Personal information
- Full name: Charles Christopher Ellison
- Born: 11 February 1962 (age 64) Pembury, Kent, England
- Batting: Right-handed
- Bowling: Right-arm medium
- Relations: Richard Ellison (brother) Henry Ellison (grandfather) Charlie Ellison (nephew)

Domestic team information
- 1982–1986: Cambridge University
- 1984–1988: Wiltshire

Career statistics
| Competition | First-class | List A |
| Matches | 23 | 5 |
| Runs scored | 268 | 3 |
| Batting average | 17.86 | 3.00 |
| 100s/50s | –/2 | –/– |
| Top score | 51* | 1* |
| Balls bowled | 3,026 | 169 |
| Wickets | 39 | 0 |
| Bowling average | 35.46 | – |
| 5 wickets in innings | 1 | – |
| 10 wickets in match | – | – |
| Best bowling | 5/82 | – |
| Catches/stumpings | 7/– | –/– |
- Source: Cricinfo, 27 June 2019

= Charles Ellison (cricketer) =

English cricketer

Charles Christopher Ellison (born 11 February 1962) is an English former cricketer.

Ellison was born at Pembury in February 1962 to Peter and Bridget Ellison. He was educated at Tonbridge School, before going up to the University of Cambridge where he studied at both Peterhouse and Homerton College. While studying at Cambridge, he made his debut in first-class cricket for Cambridge University against Glamorgan at Fenner's in 1982. He played first-class cricket for Cambridge until 1986, making a total of 23 appearances. Most notably he dismissed Graham Gooch for 99 on the first day of the 1985 season. Ellison scored a total of 268 runs in his 23 matches, with a high score of 51 not out. With his right-arm medium pace bowling, he took 39 wickets at an average of 35.46, with best figures of 5 for 82. These figures, which were his only first-class five wicket haul, came against Leicestershire in 1986.
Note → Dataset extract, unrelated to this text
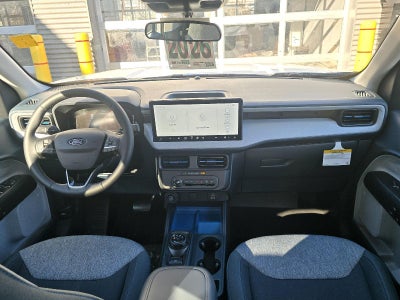 2025 Ford Maverick Hybrid XLT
In addition to playing first-class cricket, Ellison also played List A one-day for the Combined Universities cricket team, making five appearances in the Benson & Hedges Cup between 1982 and 1986. He also played minor counties cricket for Wiltshire between 1984 and 1988, making eleven appearances in the Minor Counties Championship. His older brother, Richard, played Test cricket for England. His grandfather, Henry Ellison, and nephews, Charlie Ellison and Harry Ellison, both played first-class cricket.